What is expected:
Could you reproduce the lines below from the one with "第44话 各自的追求-第58话" through the one with "2025年南方新课堂金牌学案八年级英语上册人教版 第3页"? Keep both ends and add nothing.

Records for this exercise:
#####

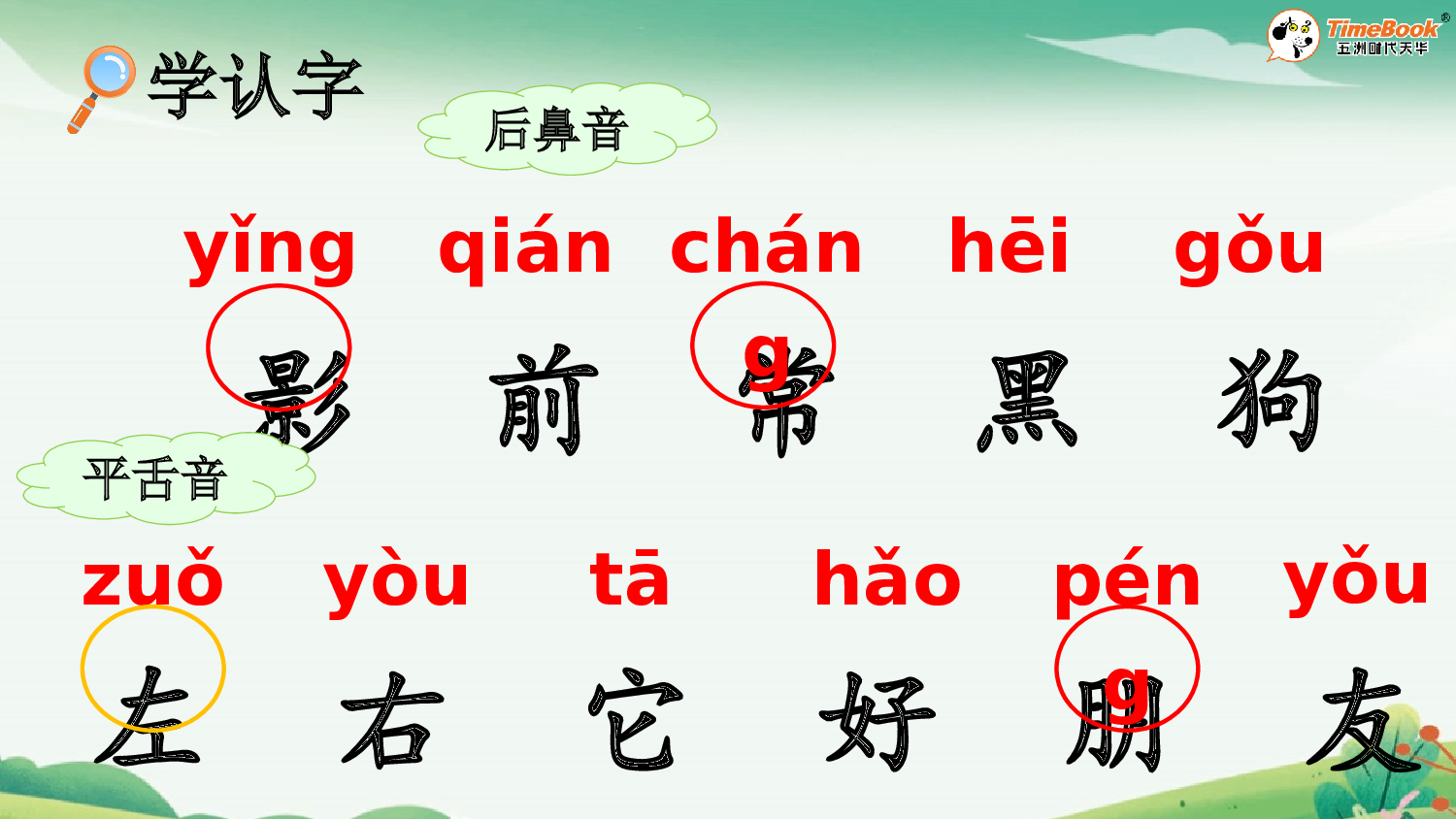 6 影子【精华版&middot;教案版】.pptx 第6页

#####

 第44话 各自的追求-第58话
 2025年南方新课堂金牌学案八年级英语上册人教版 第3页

#####

Answer space:
 第44话 各自的追求-第58话
 2025年南方新课堂金牌学案八年级英语上册人教版 第3页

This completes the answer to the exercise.